Saturday 12 January 2008

The Little Mermaid

Some gems from opera director Francesca Zambello's interpretation of Little Mermaid for a Broadway production:

- The mermaid ascends to the surface of the sea, her tail unfurling to reveal shapely legs. There is so much metaphor in that. It is like a rite of passage, her first menstrual cycle

- The wish-fulfillment element would give it broad appeal. Show me anybody in the world who hasn't wanted to be someone else. That's a universal theme. Everybody sees themselves as an outsider

- It was possible to interpret the little mermaid flight from the confines of the sea as a gay theme. The reality is that there are only two minorities who are born into families: disabled people and gay people. Every other minority is born of a family.
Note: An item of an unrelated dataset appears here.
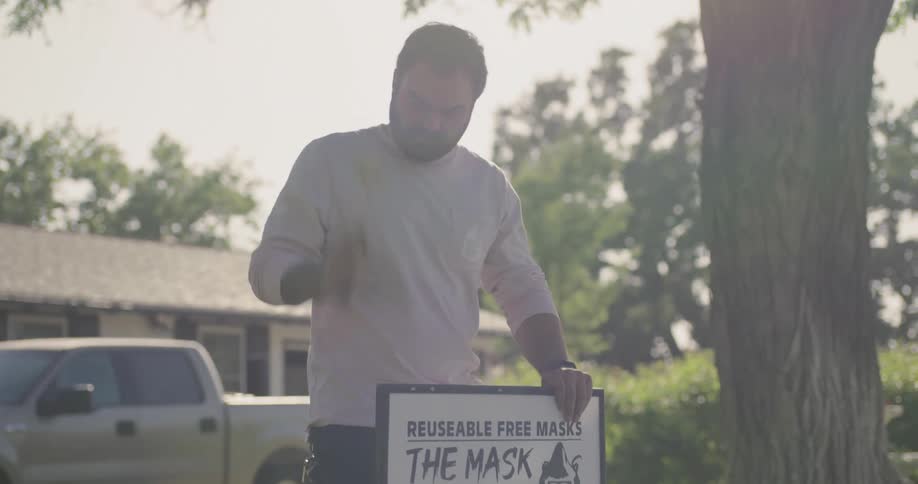 Man places a sign in his front yard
That Ariel is an outsider in her own family connects...

- Mermaids have no genitalia. That's something you don't really think about until you work on mermaids, but then you think about it a lot.

Wednesday 12 September 2007

Swingers

Been working through a New Yorker article about bonobos in the wild. Was reflective, well researched, emotionally rich. Loved it. Click through to read

http://www.newyorker.com/reporting/2007/07/30/070730fa_fact_parker

It turns out the popular belief that bonobos are "...into peace and love and harmony...equal parts dolphin, Dalai Lama, and Warren Beatty..." is at best a partial truth. This belief was based largely on observing a group of pubescent bonobos in captivity. They outgrow their rampant teenage sexuality. They have their own systems of social dominance. They are capable of murder, maybe even the murder of infants.

A trained social psychologist wouldn't be surprised. Their experiments show that most human behaviour is situational. Almost any human being can be kind, cruel, nurturing, willfully destructive, cynical, starry-eyed, social, organized, lazy...anything...in the right context and with the right conditioning. Other apes are just like us.

An interesting side-story I picked up was that we've been fooling ourselves about the nature of great apes for over a long time. Consider:

- "The bonobo of the modern popular imagination has something of the quality of a pre-scientific great ape, from the era before live specimens were widely known in Europe. An Englishman of the early eighteenth century would have had no argument with the thought of an upright ape, passing silent judgment on mankind, and driven by an uncontrolled libido."

- "(In 1972...Goodall had confidence that chimpanzees were “by and large, rather ‘nicer’ than us....In 1974...Goodall witnessed...the War in Gombe. A chimpanzee population split into two...one group wiped out the other, in gory episodes of territorial attack and cannibalism".

Consider the main theme of the article: bonobos can be from Mars. Consider the Margaret Mead mythology of idyllic primitive societies (I learnt that this was just flatly untrue from Jared Diamond's Guns, Germs and Steel).

There is a pattern here. We seem to have a need in our collective unconscious for a noble nearly-human figure. Letting that need project on to some poor unsuspecting great ape or primitive society leads to really bad science. Fortunately, the great apes haven't physically suffered because of that bad science.